» Try it: Write out exactly, please, every line from the beginning of the entries to the line holding "1 Pair Retro", and no pictures.

» Provided information:

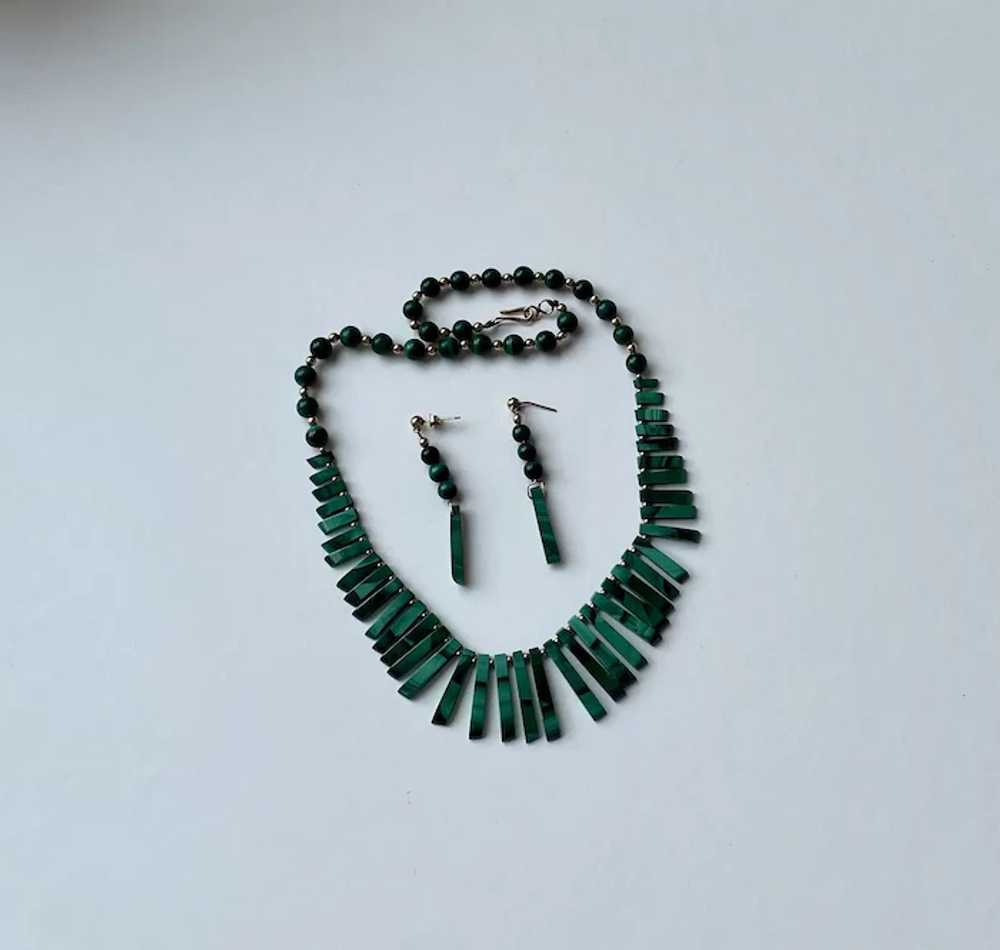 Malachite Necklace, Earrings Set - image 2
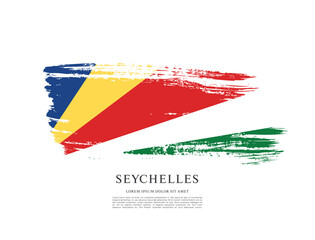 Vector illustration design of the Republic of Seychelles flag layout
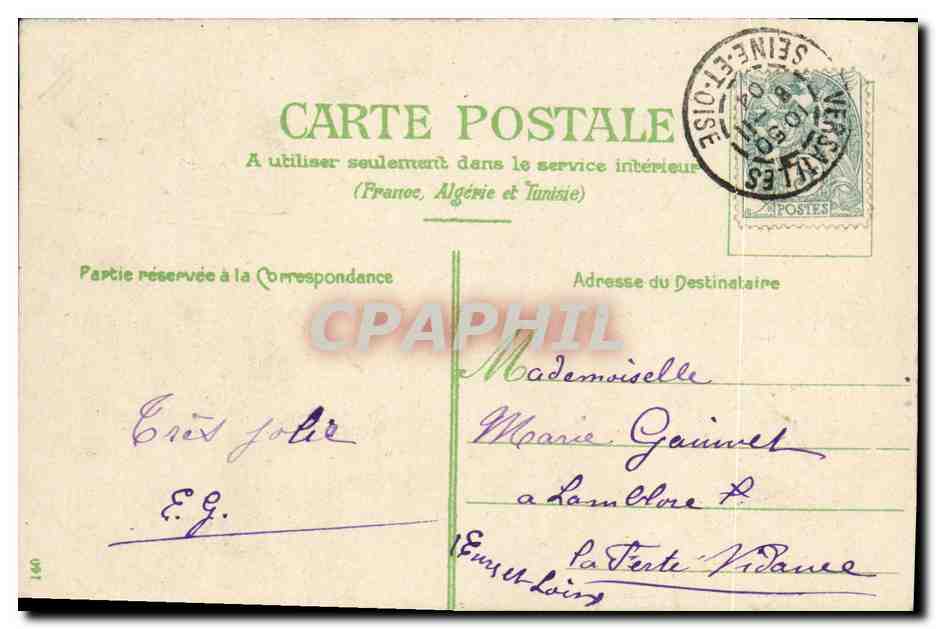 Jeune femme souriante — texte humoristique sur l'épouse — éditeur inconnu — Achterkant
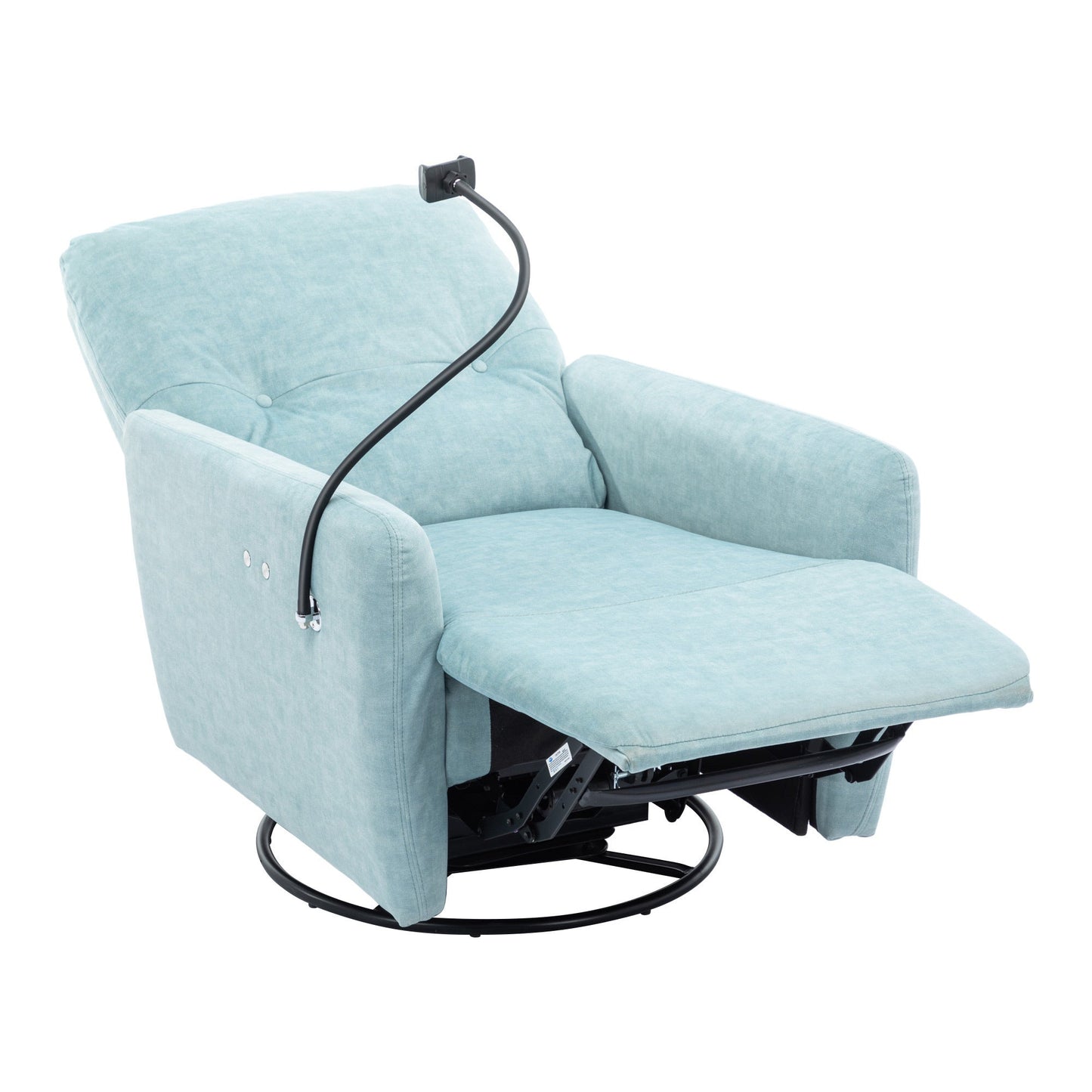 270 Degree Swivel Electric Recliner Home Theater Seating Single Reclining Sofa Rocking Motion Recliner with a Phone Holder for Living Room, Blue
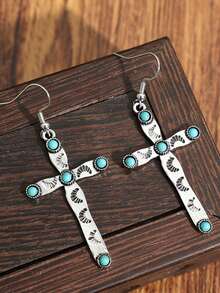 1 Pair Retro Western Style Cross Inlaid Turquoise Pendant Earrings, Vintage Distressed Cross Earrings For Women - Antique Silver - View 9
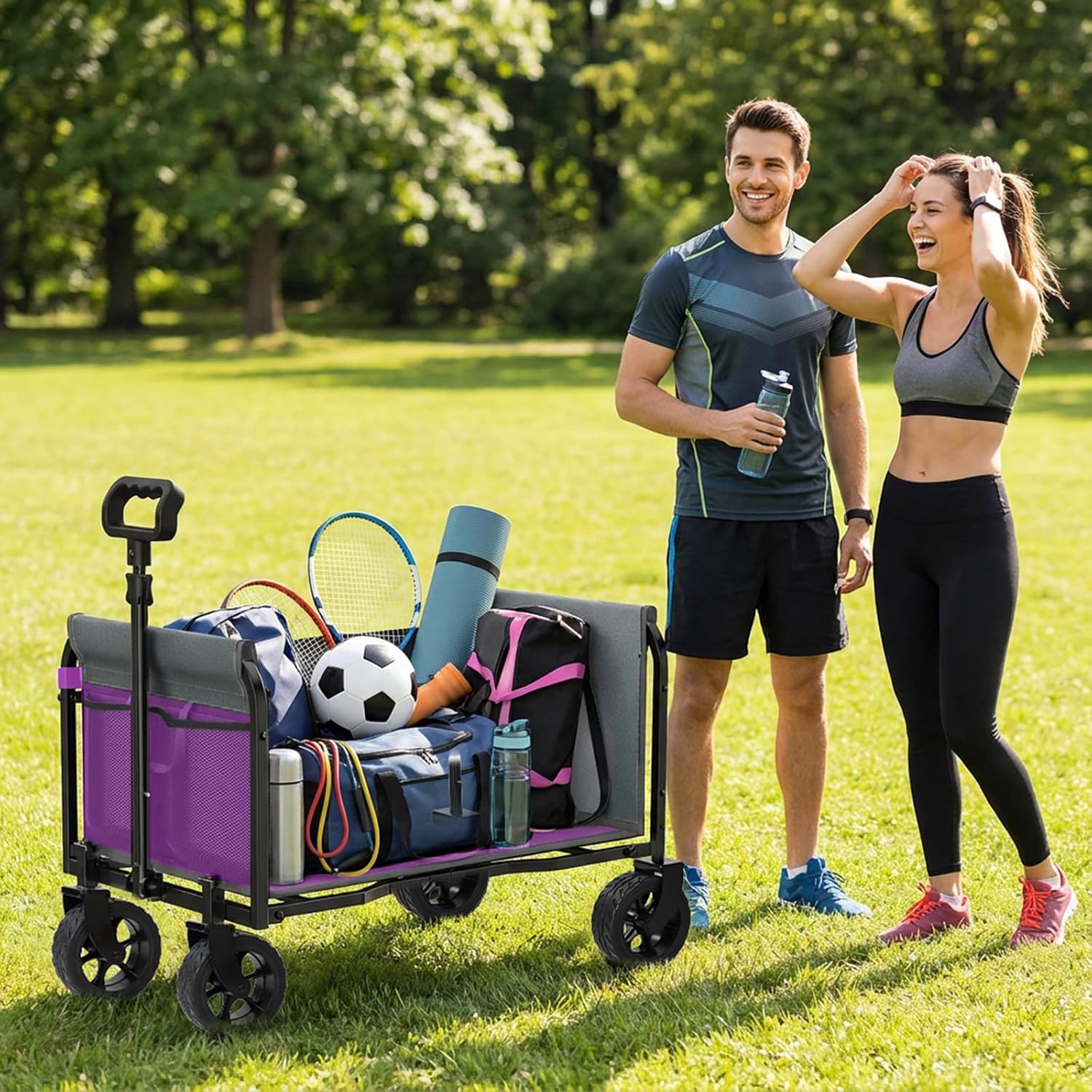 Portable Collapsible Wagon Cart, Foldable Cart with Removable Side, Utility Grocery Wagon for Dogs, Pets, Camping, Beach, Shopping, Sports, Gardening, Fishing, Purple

» Result of the exercise:
 Malachite Necklace, Earrings Set - image 2
 Vector illustration design of the Republic of Seychelles flag layout
 Jeune femme souriante — texte humoristique sur l'épouse — éditeur inconnu — Achterkant
 270 Degree Swivel Electric Recliner Home Theater Seating Single Reclining Sofa Rocking Motion Recliner with a Phone Holder for Living Room, Blue
 1 Pair Retro Western Style Cross Inlaid Turquoise Pendant Earrings, Vintage Distressed Cross Earrings For Women - Antique Silver - View 9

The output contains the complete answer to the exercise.